Other mornings, Tuesdays and Thursdays, Kruse volunteered at Boulangerie J.F.
    The de Musset garden was spread out and concentrated in pockets of the best sun: ripe tomatoes grew here, lemons there. The fig tree had produced lovely fruit that Kruse would carry home from the bakery, his payment, after his mornings around the oven. After only a month in school Lily understood everything and she was learning the singsong Provençal accent:
Bonjour-uh. Au revoir-uh.
School, she said, was
chouette-uh.
When she played with the toys they had packed for her, she made nasal sounds—French sounds—if not words. They hunted for cicadas in the shrubbery around the de Musset house and failed to find any. They played hide-and-seek,
cache-cache.
Lily could not remain hidden for longer than a minute without giggling or singing, betraying herself. Hiding in silence made her lonesome and scared. The heat of the day had collapsed into the cool of the early October night. They inspected the grapes, which were just about ready to be picked. In neighbouring villages, the big harvest party—the
vendange
—had already begun.
    Lily wore a grey cotton dress with short sleeves and her arms were covered in goosebumps. Kruse took her hand and led her back into the house.

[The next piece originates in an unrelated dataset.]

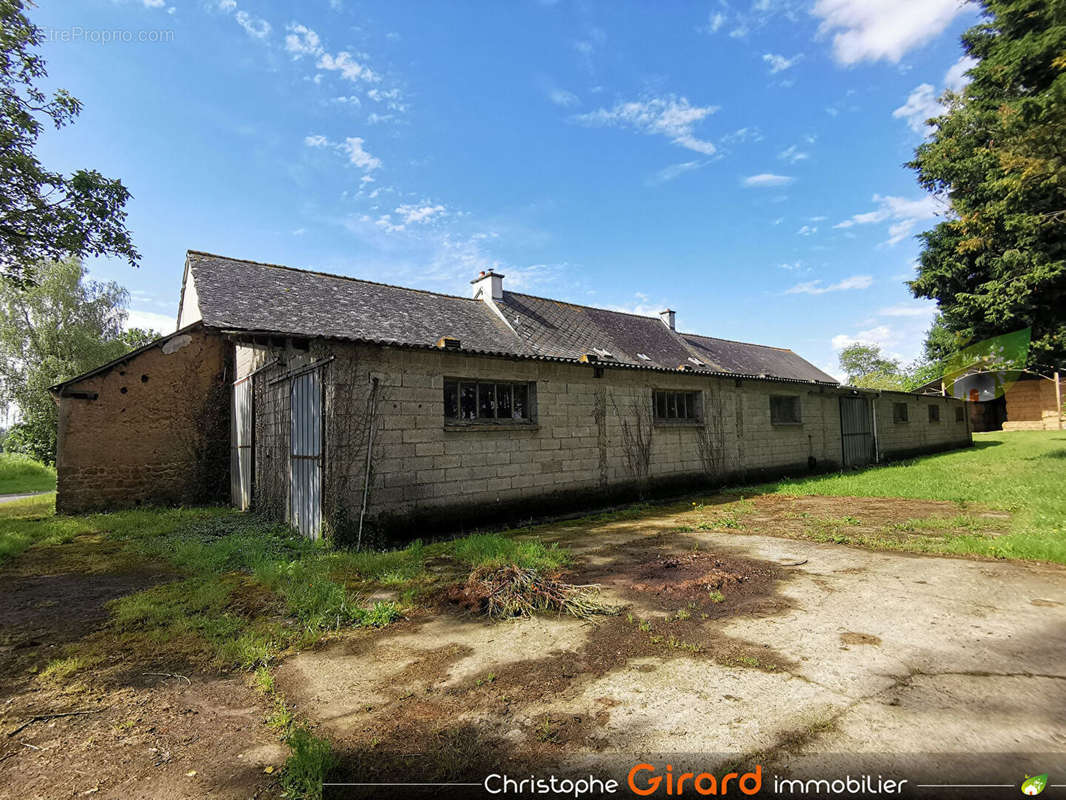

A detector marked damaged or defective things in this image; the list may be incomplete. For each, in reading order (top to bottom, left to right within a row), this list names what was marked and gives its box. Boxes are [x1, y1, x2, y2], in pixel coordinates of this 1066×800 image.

broken window [444, 378, 536, 422]
broken window [648, 390, 700, 422]
broken window [768, 394, 804, 424]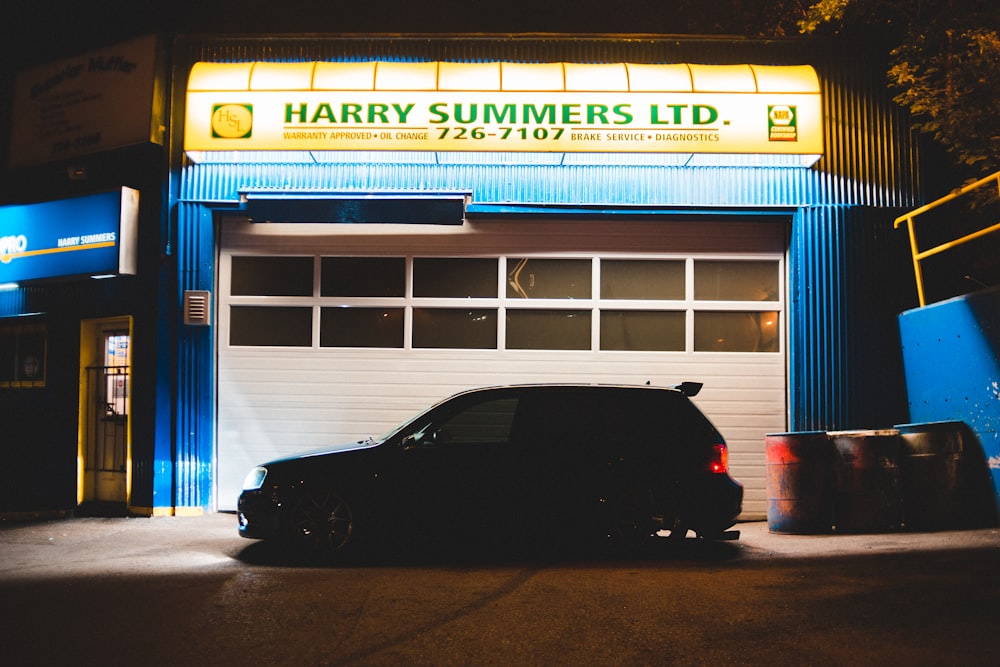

    There was a musical introduction and then Bernard Pivot. Pascale had explained about the famous man: he was a socialist, surely, if not a communist, but a very smart and curious one. The moment the camera revealed Jean-François, Lily screamed and clapped. Evelyn gave her an ultimatum. If she did not remain quiet for this very important show she and Papa would walk home early together. Lily promised—if, if, she could have one more tiny sliver of chocolate cake.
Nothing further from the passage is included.